1 files changed, 45 insertions, 13 deletions
diff --git a/Tools/peg_generator/pegen/tokenizer.py b/Tools/peg_generator/pegen/tokenizer.py
index 61a28ef..7ee49e1 100644
--- a/Tools/peg_generator/pegen/tokenizer.py
+++ b/Tools/peg_generator/pegen/tokenizer.py
@@ -1,10 +1,10 @@
 import token
 import tokenize
-from typing import List, Iterator
+from typing import Dict, Iterator, List
 
 Mark = int  # NewType('Mark', int)
 
-exact_token_types = token.EXACT_TOKEN_TYPES  # type: ignore
+exact_token_types = token.EXACT_TOKEN_TYPES
 
 
 def shorttok(tok: tokenize.TokenInfo) -> str:
@@ -19,26 +19,22 @@ class Tokenizer:
 
     _tokens: List[tokenize.TokenInfo]
 
-    def __init__(self, tokengen: Iterator[tokenize.TokenInfo], *, verbose: bool = False):
+    def __init__(
+        self, tokengen: Iterator[tokenize.TokenInfo], *, path: str = "", verbose: bool = False
+    ):
         self._tokengen = tokengen
         self._tokens = []
         self._index = 0
         self._verbose = verbose
+        self._lines: Dict[int, str] = {}
+        self._path = path
         if verbose:
             self.report(False, False)
 
     def getnext(self) -> tokenize.TokenInfo:
         """Return the next token and updates the index."""
-        cached = True
-        while self._index == len(self._tokens):
-            tok = next(self._tokengen)
-            if tok.type in (tokenize.NL, tokenize.COMMENT):
-                continue
-            if tok.type == token.ERRORTOKEN and tok.string.isspace():
-                continue
-            self._tokens.append(tok)
-            cached = False
-        tok = self._tokens[self._index]
+        cached = not self._index == len(self._tokens)
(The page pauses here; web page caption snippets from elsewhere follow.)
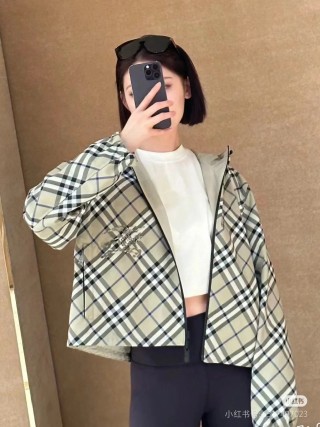 Burberry Check Puffer Jacket Cream & Navy view 8
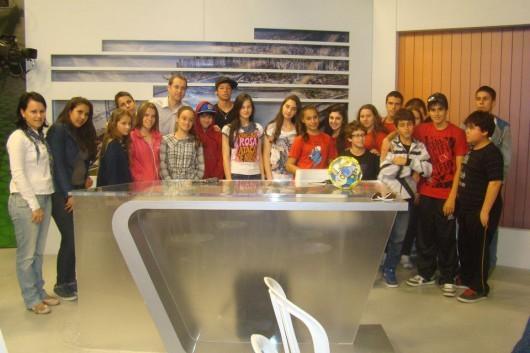 Estudantes da escola José Francisco Bertero visitam RBS TV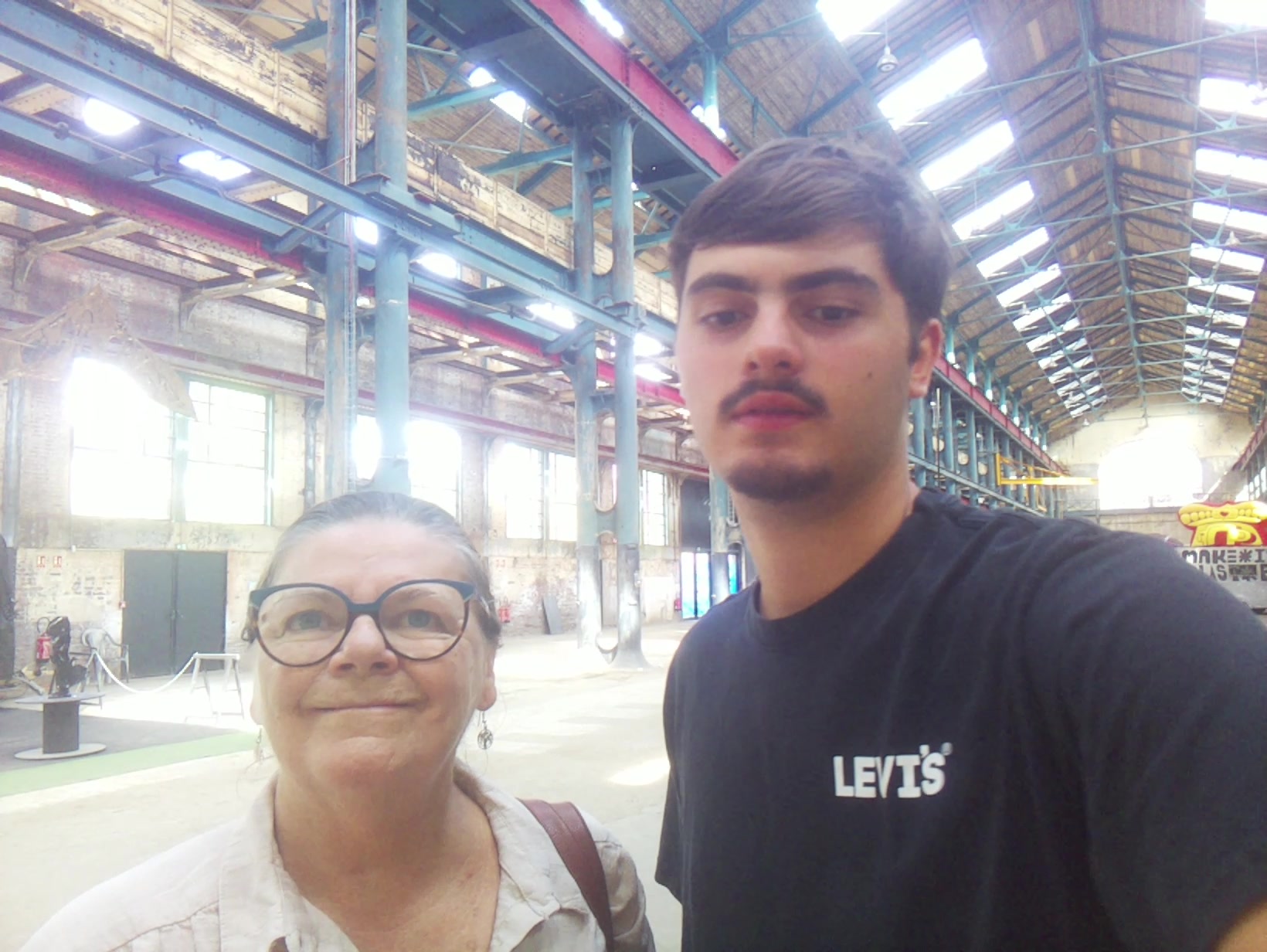 APB! Crime Reference: 68B05EBF4D23C. A Metha addict is wanted for lurking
+        tok = self.peek()
         self._index += 1
         if self._verbose:
             self.report(cached, False)
@@ -52,7 +48,15 @@ class Tokenizer:
                 continue
             if tok.type == token.ERRORTOKEN and tok.string.isspace():
                 continue
+            if (
+                tok.type == token.NEWLINE
+                and self._tokens
+                and self._tokens[-1].type == token.NEWLINE
+            ):
+                continue
             self._tokens.append(tok)
+            if not self._path:
+                self._lines[tok.start[0]] = tok.line
         return self._tokens[self._index]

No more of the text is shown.